Being considered as property, enslaved men and women were not legal persons who could enter into contracts, including marriage. Essentially, they had no choice in family or marriage as children largely became the property of the slave owner. It is a well-known fact that slave-owners fathered children with their slaves while some encouraged marriage to protect their investment in their slaves. In 1808 when Congress banned the Trans-Atlantic Slave Trade, slave owners were no longer able to import enslaved Africans who would work as skilled laborers on plantations or on public projects. Thus, many owners started forcing enslaved men like Charles McGruder to procreate.
McGruder “was basically rented out to go from plantation to plantation to breed with other African women,” said Marie McGruder, the great-great-grandchild of McGruder.
Marie said that just as the enslaved African women her great-great-grandfather got involved with had no choice in marriage or family, McGruder was also “surviving himself.” Marie, who now runs the family farm, is among other descendants of McGruder who shared his story with ABC News this month in hopes of finding each other. They believe that McGruder is the “patriarch” to most Black people from Alabama with the surname McGruder.
According to J.R. Rothstein, his great-great-great-grandfather may have had up to 100 children, though records say he had at least 40. He said that of the children McGruder had, each of them had their own children — about a dozen — who also went on to have a dozen more. In effect, many Black people from Alabama with the surname McGruder can trace their lineage back to McGruder, the family said.

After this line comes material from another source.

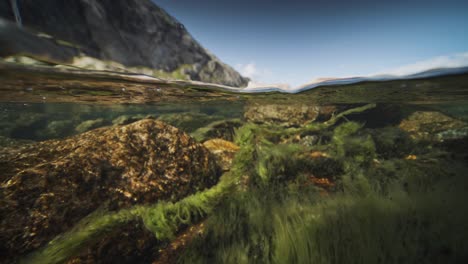 an over-under shot of the shallow river with rocky bottom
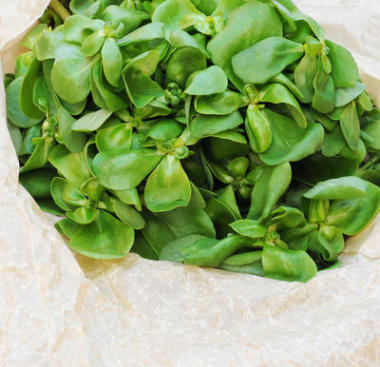 有機(jī)馬齒莧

95-year-old Lucille Burden Osborne said while growing up in a house that contained family members who had survived slavery, she heard stories about her great-grandfather, McGruder. “Evidently old man Charles McGruder must have been an important person to the community because we would hear his name many, many times,” Osborne told ABC News. “But nobody seemed to want to discuss how Charles fit into that slave situation, and it seemed like everybody would whisper when they were talking about Charles.”
“So this is what stands out in my mind — that he must have been the big daddy … because during his early years, he was considered a [slave] breeder.”
Born as a slave in North Carolina in 1822, McGruder was emancipated after the Civil War. After years of sharecropping, he purchased land in 1877 near Sawyerville, in Hale County, which some of his family still owns. McGruder also changed the spelling of his family’s surname. His white owner was Magruder, the original spelling of the McGruder last name. McGruder’s family believes he changed the last name to show his “independence.” Jill Magruder, who is a descendant of the white Magruders, recently found out that the white Magruders and Black McGruders are linked by blood. She is currently mapping out the family tree.